The housing market is now the ceiling on further progress.
19%
Reduction in Vermont’s childcare gap over two years, driven by 2023 public investment, but the number of home-based family childcare businesses has barely stabilized after a decade of decline. (First Children’s Finance, June 2026)
That 19% reduction is real. But Erin Roche, director of First Children’s Finance Vermont, writes that family childcare numbers have barely stabilized after ten years of decline, because entrepreneurs who want to open home-based programs cannot find or afford homes large enough to qualify under state licensing requirements.
Home-Based Childcare Providers Need Homes That Vermont Doesn’t Have
The connection between childcare and housing is structural, not coincidental. Home-based family childcare programs, which can serve up to six young children and four school-aged children per provider, require homes with adequate indoor space, outdoor space, and configurations that meet state licensing standards. Vermont’s homeowner vacancy rate sits at just 1.2%, well below what real estate economists consider a healthy market.
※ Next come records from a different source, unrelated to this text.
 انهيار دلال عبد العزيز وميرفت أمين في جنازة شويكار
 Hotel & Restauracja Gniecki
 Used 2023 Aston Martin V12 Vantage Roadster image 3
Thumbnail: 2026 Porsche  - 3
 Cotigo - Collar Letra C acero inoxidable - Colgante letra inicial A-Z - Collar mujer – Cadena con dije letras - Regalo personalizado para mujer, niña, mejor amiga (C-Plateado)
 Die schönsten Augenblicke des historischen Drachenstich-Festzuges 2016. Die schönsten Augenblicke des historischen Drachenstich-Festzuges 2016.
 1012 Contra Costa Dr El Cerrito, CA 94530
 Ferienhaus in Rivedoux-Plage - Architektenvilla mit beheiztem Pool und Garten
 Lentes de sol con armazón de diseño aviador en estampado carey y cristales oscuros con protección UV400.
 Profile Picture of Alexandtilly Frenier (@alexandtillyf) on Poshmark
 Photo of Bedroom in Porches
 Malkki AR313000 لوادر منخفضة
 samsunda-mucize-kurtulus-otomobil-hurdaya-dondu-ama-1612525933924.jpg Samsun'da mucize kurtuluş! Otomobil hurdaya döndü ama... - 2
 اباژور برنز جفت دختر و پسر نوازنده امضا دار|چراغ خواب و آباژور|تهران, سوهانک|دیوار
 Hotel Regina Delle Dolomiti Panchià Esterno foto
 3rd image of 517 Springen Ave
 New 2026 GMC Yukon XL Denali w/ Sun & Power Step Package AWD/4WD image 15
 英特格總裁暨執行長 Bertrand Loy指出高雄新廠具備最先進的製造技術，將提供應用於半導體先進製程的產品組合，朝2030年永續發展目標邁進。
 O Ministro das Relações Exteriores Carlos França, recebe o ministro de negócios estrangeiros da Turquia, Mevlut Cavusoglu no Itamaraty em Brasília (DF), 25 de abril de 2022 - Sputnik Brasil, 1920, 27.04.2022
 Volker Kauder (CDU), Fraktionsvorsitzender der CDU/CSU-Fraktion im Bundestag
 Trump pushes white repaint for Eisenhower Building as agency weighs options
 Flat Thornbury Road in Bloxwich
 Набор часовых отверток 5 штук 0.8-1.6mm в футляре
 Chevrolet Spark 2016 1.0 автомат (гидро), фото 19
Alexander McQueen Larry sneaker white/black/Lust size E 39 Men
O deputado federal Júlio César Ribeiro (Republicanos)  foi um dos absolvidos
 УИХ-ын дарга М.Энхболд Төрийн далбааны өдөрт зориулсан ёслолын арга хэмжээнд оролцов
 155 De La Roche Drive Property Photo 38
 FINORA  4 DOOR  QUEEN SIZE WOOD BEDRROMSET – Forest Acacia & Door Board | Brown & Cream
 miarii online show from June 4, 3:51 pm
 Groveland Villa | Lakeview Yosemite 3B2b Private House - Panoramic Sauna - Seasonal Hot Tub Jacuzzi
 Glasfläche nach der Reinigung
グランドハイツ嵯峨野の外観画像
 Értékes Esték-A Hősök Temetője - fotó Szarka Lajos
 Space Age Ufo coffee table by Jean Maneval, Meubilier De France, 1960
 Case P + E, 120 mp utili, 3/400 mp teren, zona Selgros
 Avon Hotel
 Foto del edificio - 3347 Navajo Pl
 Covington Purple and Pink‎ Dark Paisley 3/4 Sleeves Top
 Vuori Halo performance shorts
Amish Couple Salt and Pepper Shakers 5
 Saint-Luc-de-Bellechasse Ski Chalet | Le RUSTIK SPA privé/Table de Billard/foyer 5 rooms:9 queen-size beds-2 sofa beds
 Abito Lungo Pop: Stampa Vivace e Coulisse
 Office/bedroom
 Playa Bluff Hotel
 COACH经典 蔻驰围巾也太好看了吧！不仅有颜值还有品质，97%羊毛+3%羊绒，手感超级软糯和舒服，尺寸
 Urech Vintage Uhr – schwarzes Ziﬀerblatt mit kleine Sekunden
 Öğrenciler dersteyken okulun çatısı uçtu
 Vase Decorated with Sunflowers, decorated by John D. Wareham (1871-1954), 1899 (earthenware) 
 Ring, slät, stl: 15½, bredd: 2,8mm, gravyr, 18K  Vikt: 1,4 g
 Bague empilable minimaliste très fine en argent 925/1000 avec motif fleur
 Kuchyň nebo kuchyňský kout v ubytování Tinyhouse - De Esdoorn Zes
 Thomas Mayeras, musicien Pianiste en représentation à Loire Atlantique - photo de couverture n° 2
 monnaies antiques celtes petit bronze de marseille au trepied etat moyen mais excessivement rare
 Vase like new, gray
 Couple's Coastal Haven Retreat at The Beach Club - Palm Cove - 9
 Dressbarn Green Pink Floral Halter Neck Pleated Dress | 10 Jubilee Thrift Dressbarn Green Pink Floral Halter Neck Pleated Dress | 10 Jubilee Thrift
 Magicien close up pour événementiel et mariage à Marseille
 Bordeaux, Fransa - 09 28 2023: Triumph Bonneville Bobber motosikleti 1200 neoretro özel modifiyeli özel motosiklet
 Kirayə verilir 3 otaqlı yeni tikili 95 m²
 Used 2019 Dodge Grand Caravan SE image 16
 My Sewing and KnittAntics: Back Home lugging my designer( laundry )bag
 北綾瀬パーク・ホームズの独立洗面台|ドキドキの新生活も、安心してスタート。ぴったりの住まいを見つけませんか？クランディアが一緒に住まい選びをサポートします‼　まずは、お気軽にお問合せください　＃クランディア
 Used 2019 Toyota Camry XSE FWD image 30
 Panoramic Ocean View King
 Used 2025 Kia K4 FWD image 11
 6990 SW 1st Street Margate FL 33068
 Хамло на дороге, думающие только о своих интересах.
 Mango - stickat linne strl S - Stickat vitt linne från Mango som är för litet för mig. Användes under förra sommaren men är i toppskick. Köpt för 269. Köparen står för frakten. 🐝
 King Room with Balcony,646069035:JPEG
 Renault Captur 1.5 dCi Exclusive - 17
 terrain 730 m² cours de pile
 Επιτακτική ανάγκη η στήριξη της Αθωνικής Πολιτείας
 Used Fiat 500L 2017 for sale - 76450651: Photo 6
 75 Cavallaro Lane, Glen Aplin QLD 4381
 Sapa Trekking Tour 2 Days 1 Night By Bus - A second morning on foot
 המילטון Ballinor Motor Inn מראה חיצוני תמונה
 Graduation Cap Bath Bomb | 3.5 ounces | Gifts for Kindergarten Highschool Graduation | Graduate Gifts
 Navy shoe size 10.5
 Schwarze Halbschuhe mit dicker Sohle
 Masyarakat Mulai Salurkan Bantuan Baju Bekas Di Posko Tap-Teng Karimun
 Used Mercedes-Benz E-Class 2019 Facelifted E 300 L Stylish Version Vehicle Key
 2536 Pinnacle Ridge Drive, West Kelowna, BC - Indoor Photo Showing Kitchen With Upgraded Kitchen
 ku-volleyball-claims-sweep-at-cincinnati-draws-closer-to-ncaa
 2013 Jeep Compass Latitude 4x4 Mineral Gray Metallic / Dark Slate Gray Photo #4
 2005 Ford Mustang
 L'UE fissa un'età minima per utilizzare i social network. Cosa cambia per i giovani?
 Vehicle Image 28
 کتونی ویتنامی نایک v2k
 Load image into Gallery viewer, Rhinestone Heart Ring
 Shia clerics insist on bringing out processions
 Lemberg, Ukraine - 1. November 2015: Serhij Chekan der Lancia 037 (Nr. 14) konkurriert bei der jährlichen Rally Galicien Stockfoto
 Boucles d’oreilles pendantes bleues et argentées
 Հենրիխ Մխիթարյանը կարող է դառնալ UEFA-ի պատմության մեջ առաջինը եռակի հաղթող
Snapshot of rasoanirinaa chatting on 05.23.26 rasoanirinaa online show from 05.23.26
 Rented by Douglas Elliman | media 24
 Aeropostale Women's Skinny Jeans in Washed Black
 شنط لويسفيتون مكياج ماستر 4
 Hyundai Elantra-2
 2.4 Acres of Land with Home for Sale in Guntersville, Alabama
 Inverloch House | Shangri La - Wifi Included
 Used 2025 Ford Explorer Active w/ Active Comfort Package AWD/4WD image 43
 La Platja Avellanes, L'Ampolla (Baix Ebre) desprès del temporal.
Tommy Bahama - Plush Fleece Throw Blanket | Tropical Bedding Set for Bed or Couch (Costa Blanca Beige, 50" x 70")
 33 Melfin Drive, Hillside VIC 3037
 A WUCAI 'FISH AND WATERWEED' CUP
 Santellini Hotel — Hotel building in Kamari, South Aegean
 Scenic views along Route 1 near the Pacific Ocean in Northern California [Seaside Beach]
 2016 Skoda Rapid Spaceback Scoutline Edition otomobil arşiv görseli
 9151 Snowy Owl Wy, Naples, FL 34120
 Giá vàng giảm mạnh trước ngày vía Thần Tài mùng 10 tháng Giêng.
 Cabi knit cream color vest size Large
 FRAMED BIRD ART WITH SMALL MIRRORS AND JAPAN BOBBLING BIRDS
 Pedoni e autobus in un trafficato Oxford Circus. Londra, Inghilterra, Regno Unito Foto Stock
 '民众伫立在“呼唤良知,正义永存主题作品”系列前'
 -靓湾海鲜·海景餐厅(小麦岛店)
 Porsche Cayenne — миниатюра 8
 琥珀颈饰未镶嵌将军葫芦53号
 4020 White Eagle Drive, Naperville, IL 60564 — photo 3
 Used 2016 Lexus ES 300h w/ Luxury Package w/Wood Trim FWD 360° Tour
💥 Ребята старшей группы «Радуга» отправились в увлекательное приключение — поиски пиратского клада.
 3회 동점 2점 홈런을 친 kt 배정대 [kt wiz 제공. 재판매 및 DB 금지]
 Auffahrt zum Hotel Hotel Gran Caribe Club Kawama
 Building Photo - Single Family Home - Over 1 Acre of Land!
For a typical buyer, 1.2% vacancy means few options. For a childcare entrepreneur who needs extra rooms, a fenced yard, and square footage that clears a regulatory bar, the viable pool of properties is smaller still.
In rural Vermont communities, family childcare is often the only available option for working parents. These small, home-based programs fill gaps that commercial daycare centers never reach. When providers cannot secure adequate housing, those gaps stay open regardless of how much public money flows through Act 76.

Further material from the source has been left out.